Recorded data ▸

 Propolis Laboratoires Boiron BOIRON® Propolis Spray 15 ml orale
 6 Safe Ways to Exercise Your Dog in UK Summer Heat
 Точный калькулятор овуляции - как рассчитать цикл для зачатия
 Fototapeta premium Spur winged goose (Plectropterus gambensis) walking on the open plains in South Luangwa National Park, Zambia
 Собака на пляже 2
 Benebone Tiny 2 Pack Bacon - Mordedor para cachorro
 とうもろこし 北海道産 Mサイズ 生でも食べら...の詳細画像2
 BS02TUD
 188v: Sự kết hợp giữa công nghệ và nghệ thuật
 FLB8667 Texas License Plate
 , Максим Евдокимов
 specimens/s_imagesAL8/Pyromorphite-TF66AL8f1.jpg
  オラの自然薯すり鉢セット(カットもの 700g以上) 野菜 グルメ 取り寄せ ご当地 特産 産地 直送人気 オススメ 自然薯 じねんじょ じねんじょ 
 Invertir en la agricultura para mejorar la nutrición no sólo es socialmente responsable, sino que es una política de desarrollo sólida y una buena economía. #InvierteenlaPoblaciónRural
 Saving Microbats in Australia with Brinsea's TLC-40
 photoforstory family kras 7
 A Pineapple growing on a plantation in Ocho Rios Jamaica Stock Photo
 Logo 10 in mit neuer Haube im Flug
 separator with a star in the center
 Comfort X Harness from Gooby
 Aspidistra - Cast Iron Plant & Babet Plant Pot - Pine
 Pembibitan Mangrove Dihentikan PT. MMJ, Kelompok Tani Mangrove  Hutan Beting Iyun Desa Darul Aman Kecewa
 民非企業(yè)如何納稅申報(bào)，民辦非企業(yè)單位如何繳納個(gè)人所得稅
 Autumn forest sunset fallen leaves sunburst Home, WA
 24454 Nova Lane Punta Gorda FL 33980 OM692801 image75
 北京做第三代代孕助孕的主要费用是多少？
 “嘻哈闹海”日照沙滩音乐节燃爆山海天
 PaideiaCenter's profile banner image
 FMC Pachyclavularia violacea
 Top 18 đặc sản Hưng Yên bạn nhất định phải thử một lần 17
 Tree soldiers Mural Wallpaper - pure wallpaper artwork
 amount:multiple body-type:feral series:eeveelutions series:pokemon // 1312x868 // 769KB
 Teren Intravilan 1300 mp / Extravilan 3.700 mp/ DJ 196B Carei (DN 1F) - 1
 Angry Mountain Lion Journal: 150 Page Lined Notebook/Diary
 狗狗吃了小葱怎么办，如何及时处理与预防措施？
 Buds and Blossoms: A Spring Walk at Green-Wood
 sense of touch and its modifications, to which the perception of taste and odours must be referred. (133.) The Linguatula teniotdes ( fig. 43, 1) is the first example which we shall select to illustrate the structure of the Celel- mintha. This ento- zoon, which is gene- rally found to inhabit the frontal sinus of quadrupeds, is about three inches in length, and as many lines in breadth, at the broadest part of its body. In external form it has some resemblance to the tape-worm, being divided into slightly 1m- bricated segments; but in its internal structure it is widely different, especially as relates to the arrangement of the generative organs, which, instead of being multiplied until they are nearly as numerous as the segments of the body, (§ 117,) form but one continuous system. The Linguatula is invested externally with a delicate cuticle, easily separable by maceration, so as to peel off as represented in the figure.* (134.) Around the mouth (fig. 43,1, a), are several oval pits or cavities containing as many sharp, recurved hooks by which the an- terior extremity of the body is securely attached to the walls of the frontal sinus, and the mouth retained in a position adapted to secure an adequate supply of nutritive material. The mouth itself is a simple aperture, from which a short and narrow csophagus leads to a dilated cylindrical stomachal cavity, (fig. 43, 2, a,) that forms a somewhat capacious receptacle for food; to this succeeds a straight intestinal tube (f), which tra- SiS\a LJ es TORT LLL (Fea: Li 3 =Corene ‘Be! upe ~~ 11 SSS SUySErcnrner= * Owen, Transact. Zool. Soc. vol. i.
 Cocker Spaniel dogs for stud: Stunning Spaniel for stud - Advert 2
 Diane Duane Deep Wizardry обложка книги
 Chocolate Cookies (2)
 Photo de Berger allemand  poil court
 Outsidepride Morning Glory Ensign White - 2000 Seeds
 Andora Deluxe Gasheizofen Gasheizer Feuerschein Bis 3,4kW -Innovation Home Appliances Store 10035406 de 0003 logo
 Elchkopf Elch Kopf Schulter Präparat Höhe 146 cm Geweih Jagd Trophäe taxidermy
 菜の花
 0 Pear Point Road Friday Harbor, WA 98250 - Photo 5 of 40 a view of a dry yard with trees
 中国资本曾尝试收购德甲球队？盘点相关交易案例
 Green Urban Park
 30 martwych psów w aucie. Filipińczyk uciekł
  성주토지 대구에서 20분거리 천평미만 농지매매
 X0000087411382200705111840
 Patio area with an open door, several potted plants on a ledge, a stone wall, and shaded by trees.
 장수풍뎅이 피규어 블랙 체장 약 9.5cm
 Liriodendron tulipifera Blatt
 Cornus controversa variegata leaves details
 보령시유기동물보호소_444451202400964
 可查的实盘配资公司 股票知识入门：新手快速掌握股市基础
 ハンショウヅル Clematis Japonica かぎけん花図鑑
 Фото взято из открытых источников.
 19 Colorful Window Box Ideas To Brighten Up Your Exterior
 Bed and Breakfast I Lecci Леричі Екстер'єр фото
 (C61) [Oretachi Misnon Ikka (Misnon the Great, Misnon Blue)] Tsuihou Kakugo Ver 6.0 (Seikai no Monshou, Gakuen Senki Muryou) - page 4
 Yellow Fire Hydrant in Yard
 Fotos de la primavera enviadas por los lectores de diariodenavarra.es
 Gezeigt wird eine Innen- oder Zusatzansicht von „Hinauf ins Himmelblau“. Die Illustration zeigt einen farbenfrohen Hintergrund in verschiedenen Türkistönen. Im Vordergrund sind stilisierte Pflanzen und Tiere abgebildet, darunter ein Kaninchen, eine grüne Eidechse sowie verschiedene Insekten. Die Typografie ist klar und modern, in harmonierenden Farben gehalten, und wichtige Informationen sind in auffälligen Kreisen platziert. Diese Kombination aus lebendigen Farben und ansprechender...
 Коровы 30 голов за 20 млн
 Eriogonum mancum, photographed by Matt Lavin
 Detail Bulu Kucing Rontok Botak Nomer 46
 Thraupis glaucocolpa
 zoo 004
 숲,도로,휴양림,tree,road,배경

WHAT THE TASK ASKS ▸ Reproduce the records above exactly, from the first line through the line containing "PaideiaCenter's profile banner image", and output nothing else.

ANSWER TO THIS EXERCISE ▸
 Propolis Laboratoires Boiron BOIRON® Propolis Spray 15 ml orale
 6 Safe Ways to Exercise Your Dog in UK Summer Heat
 Точный калькулятор овуляции - как рассчитать цикл для зачатия
 Fototapeta premium Spur winged goose (Plectropterus gambensis) walking on the open plains in South Luangwa National Park, Zambia
 Собака на пляже 2
 Benebone Tiny 2 Pack Bacon - Mordedor para cachorro
 とうもろこし 北海道産 Mサイズ 生でも食べら...の詳細画像2
 BS02TUD
 188v: Sự kết hợp giữa công nghệ và nghệ thuật
 FLB8667 Texas License Plate
 , Максим Евдокимов
 specimens/s_imagesAL8/Pyromorphite-TF66AL8f1.jpg
  オラの自然薯すり鉢セット(カットもの 700g以上) 野菜 グルメ 取り寄せ ご当地 特産 産地 直送人気 オススメ 自然薯 じねんじょ じねんじょ 
 Invertir en la agricultura para mejorar la nutrición no sólo es socialmente responsable, sino que es una política de desarrollo sólida y una buena economía. #InvierteenlaPoblaciónRural
 Saving Microbats in Australia with Brinsea's TLC-40
 photoforstory family kras 7
 A Pineapple growing on a plantation in Ocho Rios Jamaica Stock Photo
 Logo 10 in mit neuer Haube im Flug
 separator with a star in the center
 Comfort X Harness from Gooby
 Aspidistra - Cast Iron Plant & Babet Plant Pot - Pine
 Pembibitan Mangrove Dihentikan PT. MMJ, Kelompok Tani Mangrove  Hutan Beting Iyun Desa Darul Aman Kecewa
 民非企業(yè)如何納稅申報(bào)，民辦非企業(yè)單位如何繳納個(gè)人所得稅
 Autumn forest sunset fallen leaves sunburst Home, WA
 24454 Nova Lane Punta Gorda FL 33980 OM692801 image75
 北京做第三代代孕助孕的主要费用是多少？
 “嘻哈闹海”日照沙滩音乐节燃爆山海天
 PaideiaCenter's profile banner image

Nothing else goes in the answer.